Water Certificates unfair to New Zealand
25 September 2009
Don Carson
If Carbon Credits and Food Miles weren’t enough to pound New Zealand agriculture with, now we are going to endure Water Certificates.
It’s the brainchild of the environmental lobby that correctly sees worldwide water is a precious and scarce resource that is often squandered. Consumers, who see themselves as environmentally aware, can read the label stating how much water went into making the product. A single tomato (13 glasses of water), a glass of wine (120) a glass of milk (200) a hamburger (2400) and so on. Too much water, and the would-be customer reacts by pulling the tomato slices out of the burger and giving the rest of the burger back. It’s a conscience driven system.
The trouble is, it’s not at all accurate. Beef for a burger that came from a US feedlot, in the middle of arid Texas, may take the 2400 virtual glasses of water to grow from semen to sirloin. A ground beef pattie, from a kiwi cull cow, would have taken a fraction of that – unless you double count the water from milking the cow for the previous five years.

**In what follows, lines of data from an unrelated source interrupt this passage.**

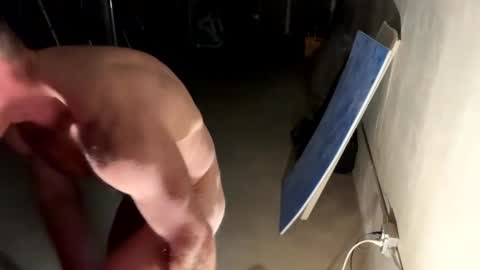 Snapshot of muscleundies chatting on December 11, 12:02 pm muscleundies online show from December 11, 12:02 pm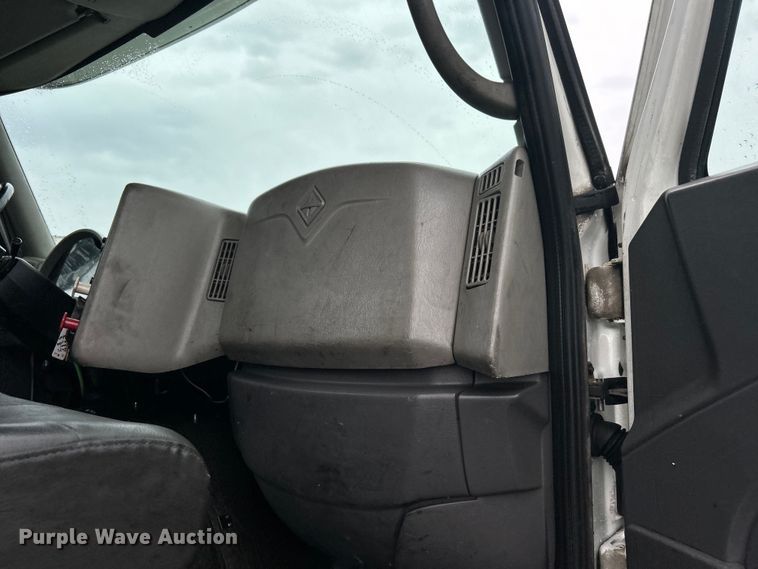 image for item EG1285 2008 International  8600 SBA semi truck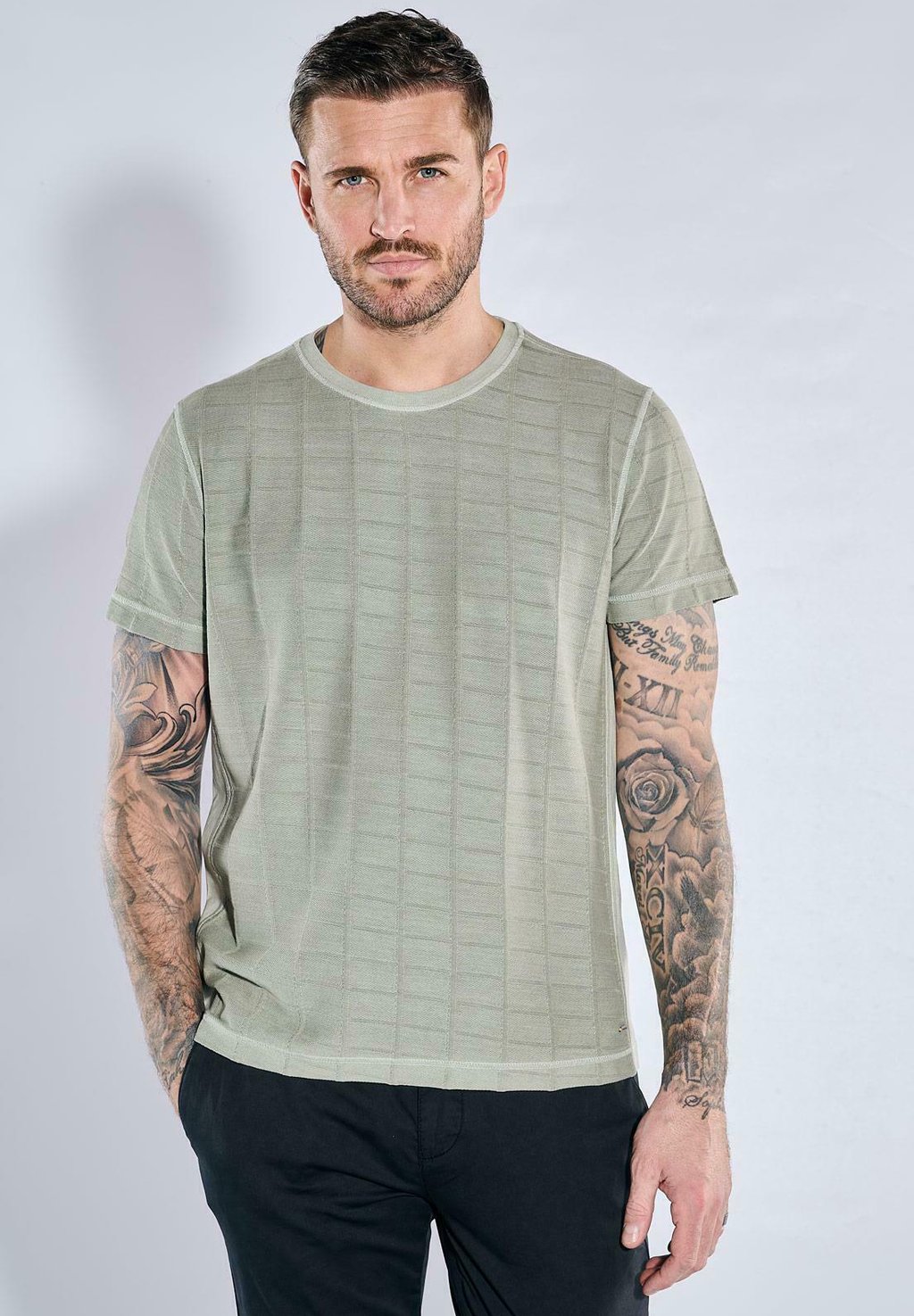 Футболка с принтом Emilio Adani, оливковый
Футболка с принтом Emilio Adani, оливковый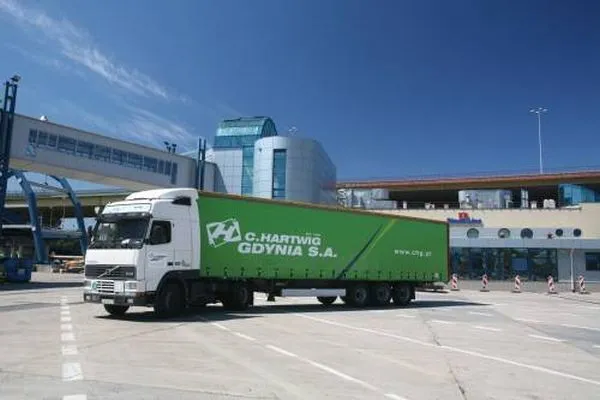 C.Hartwig Gdynia jest operatorem logistycznym, działającym na rynku krajowym i międzynarodowym od 1858 roku i zatrudnia obecnie 230 pracowników.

But it’s far too complicated a story for Joe shopper rushing through the weekly shop in their lunch hour. They only get to compare chook with cow, as though the average of each was the sole basis of comparison.
It gets worse. Unlike atmospheric carbon, water is divisible. Most parts of the world don’t ever have as much water as the people there would like and could use. Then, if there is enough water, it’s for only part of the year.
New Zealand is blessed. We more often have a problem of getting rid of water, than we do of getting enough water. Seasonal low temperatures, and not rainfall, is the natural feature that limits our agriculture production. If it is not mixing a metaphor, we have water to burn. Being extravagant in using it here is not damaging to the environment, with some exceptions in same places at some time of the year.
That is not going to get us any merit points from the water counters and the like who rule our market destiny with simple emotional formulas designed to be shorthand for shopping housewives. Nor can we boast, in our overseas advertising, how we have so much water here that it would be a shame to not splash it about. Presbyterian ethics of restraint run deep in the conservation movement.
We need two responses, working together. One, get the scientific data to respond to anyone who asks the questions of what is really the impact of our exports on the environment. And secondly, keep on keeping on the natural and clean environmental story we have been marketing for the past few decades.
Doing both well will keep our exports up the premium end of the market – at least until someone works out yet another trade protection trick against us, all in the guise of protecting the environment.